Joseph William Simpson (1879–1939) was a British painter and etcher of portraits and sporting subjects, and a magazine illustrator.

== Biography ==
Simpson was born in Carlisle, Cumberland, in 1879. He attended the Glasgow School of Art and initially worked in Edinburgh as an illustrator and cartoonist. He
was the editor of The Book of Bookplates (1900-1903), Books and Bookplates (1903-04) and the later publication The Book-Lovers' Magazine. In 1901 he was the co-author with Wilbur Macey Stone of The Purple Book of Book-plates, which was published in New York. He was employed by the publishers T. N. Foulis as a typeface designer and also designed some covers and bookplates in chapbook style. In 1905, Simpson came to London, working for the press doing poster designs and doing oil paintings in his spare time. His studio was next door to that of Frank Brangwyn who in 1909 encouraged Simpson to do his first etching.
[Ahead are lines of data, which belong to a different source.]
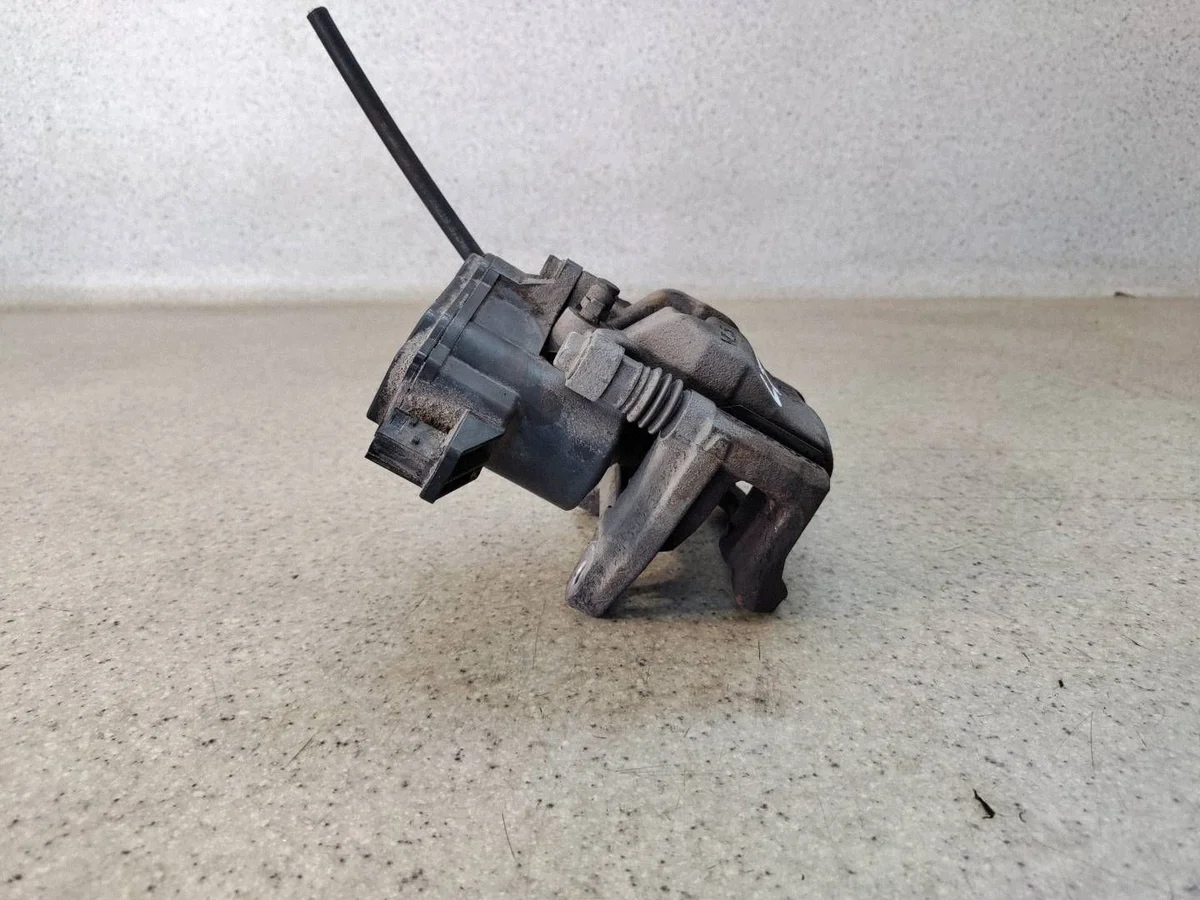 Remklauw Volvo XC40 II Links Achter image 4
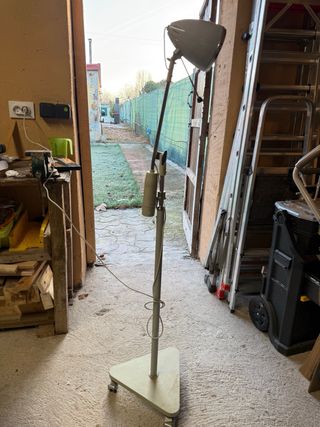 Lámpara de pie para obras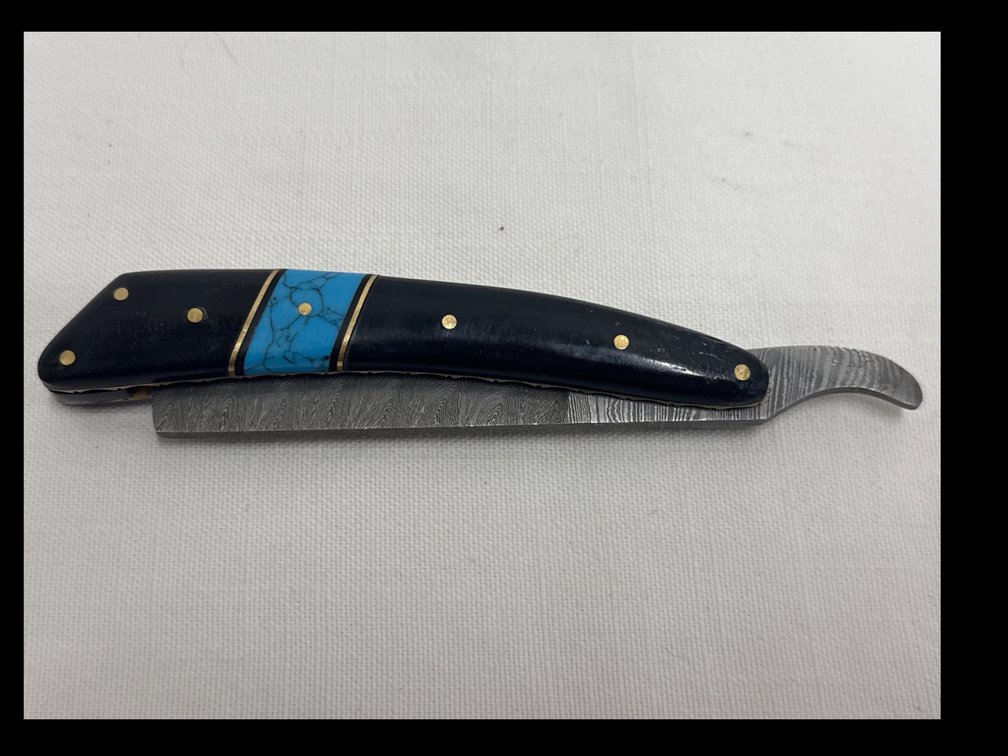 Damascus Straight Razor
He taught for a while at the London School of Art and in 1918, became an official war artist with the Royal Air Force, spending time stationed in France. His first exhibition of etchings took place in Glasgow at Wishart Brown in March 1926, and this was followed in November by a very successful London exhibition, staged by Alex, Reid & Lefevre. He also exhibited in Munich, Venice, Florence and Stockholm. He died in London in 1939.

==Artists' group==

The Scotsman, after Simpson's death, reported that he had been part of

an interesting coterie of young artists in the early stage of his career. ... A number of young artists of about the same time used to meet in Simpson's studio in Castle Street. By and by they formed themselves into a club for sketching, as well as for discussion and social recreation. The question arose at one point as to what this club should be called; and on the suggestion of one of the company, it was resolved to-call it the "S. P. O." The meaning of these letters was a mystery to those who were not initiated. They really stood for the favourite supper of the club members — sausages, potatoes and onions. At the regular meeting of the club, picture compositions, designing, and drawing were practised and models were engaged. The company included the late S. J. Peploe, R.S.A.; the late Mr Rbt. Hope, R.S.A; Mr J. D. Ferguson (now resident in Paris where his work is well known); Mr Cruickshanks; the Hon. Morton Stuart (afterwards the Earl of Moray), Mr John Menzies, and Mr Ritchie. This band of zealous young artists formed a notable and interesting group. They by and by acquired a cottage, at Rayelston, which formed their country headquarters. They made the cottage a centre for landscape painting in the adjoining woods and the countryside. ... Simpson figured in a number of amusing Bohemian episodes after club meetings, which, for those who knew him in those Edinburgh days, provide happy memories.

== Bibliography ==
- Granville Fell, H. "The Etched Work of Joseph Simpson." The Print Collector’s Quarterly Vol 19 (1932): 212-233 a catalogue of 74 etchings (up to 1931).